汽轮机钛合金末级叶片表面复合涂层原位制备及冲蚀行为研究

The aim of this project is to address the fabrication of one-step in-situ synthesized Ti3Al/TiN composite coating by using laser-gas assisted nitriding and its erosion resistance in high-temperature wet steam. This research can be used to ensure the long-life and reliable service of last stage blade which is fabricated by titanium alloy and used in low-pressure steam turbine. The following three issues will be focused in this project: (1) Identifying the formation mechanism and morphological evolution of TiN reinforced phase during laser nitriding process through analysis on Ti-N and Ti-Al phase diagrams and calculation according to thermodynamics. This research can provide an important insight into development of design methodology for environmental barrier coating on last stage blade fabricated by titanium alloy. (2) Developing the pore- and crack-free nitrided layer through multi-pass scanning on the basis of description of the formation mechanisms of micro-defects, residual stress and cracks. On the basis of modified shear-lag model, the fracture parameters, such as strength and fracture toughness, considering residual stress effect can be obtained. (3) Developing the prediction model of erosion resistance of composite coatings through investigating the competition between contact deformation and brittle fracture and their contributions on erosion rate. In this interdisciplinary program, the mechanical, chemical and material analyses will be included. Through the accomplishment of this project, the Synergetic evaluation system from material to fabrication and then to performance of coatings used for last stage blade could be established. Also, this project could provide some important insights on the improvement of the long-life design and manufacturing of the key components in ultra-super-critical power.

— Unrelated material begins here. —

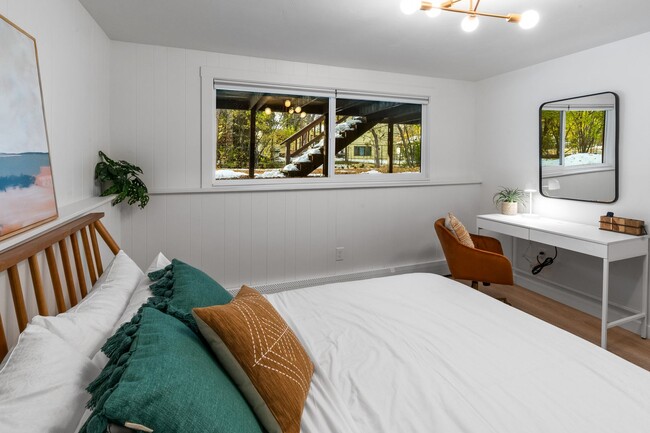 Building Photo - Stylish & Turnkey Furnished 2-BR Daylight Basement Apartment – Utilities + Wi-Fi Included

本项目以提高大型汽轮机的可靠性为目标，针对钛合金长叶片材料表面激光氮化Ti3Al/TiN复合涂层原位合成制备与高温湿蒸环境下冲蚀寿命预测展开研究。主要包括：（1）利用多元相图和热力学计算，研究涂层凝固成形过程中TiN增强相生成的动力学机制与形态演变规律，形成复合涂层材料/结构设计方法；（2）研究Ti3Al/TiN复合涂层微观缺陷及残余应力的形成机理及分布，建立考虑残余应力的涂层断裂力学参量模型，发展复合涂层多道搭接原位制备技术原型；（3）通过表征塑性接触形变和脆性断裂两种损伤机制对复合涂层冲蚀率的贡献，发展考虑残余应力的涂层冲蚀寿命预测模型。本项目体现了力学、化学和材料等多学科领域的交叉，可望突破构建钛合金表面涂层材料－结构－性能协同评价，为促进我国电力装备关键部件的寿命设计方法及制造水平提升提供科学支持。

项目开展以钛合金激光复合涂层抗冲蚀为目标，探究了激光复合涂层的制备工艺，表征了涂层的微结构、化学组分分布及力学性能，获得了抗冲蚀性能良好的涂层结构和制备工艺。采用等离子喷涂与激光合金化技术相结合，制备出两相均匀分布、无孔洞和裂纹的Ti3Al/TiN硬质复合涂层，主要由枝晶状的氮化物组织和非枝晶状的氮铝金属间化合物组成；该复合涂层能明显提高基体材料的表面硬度，且复合涂层中的两种物相均能不同程度的提高基材的弹性模量。复合涂层的抗冲蚀性能明显优于钛合金基体，冲蚀角度对复合涂层的抗冲蚀性能也有一定的影响，复合涂层的冲蚀失重随着冲蚀角度的增大而增加，表现出典型的脆性材料冲蚀特征。获基金资助发表论文11篇。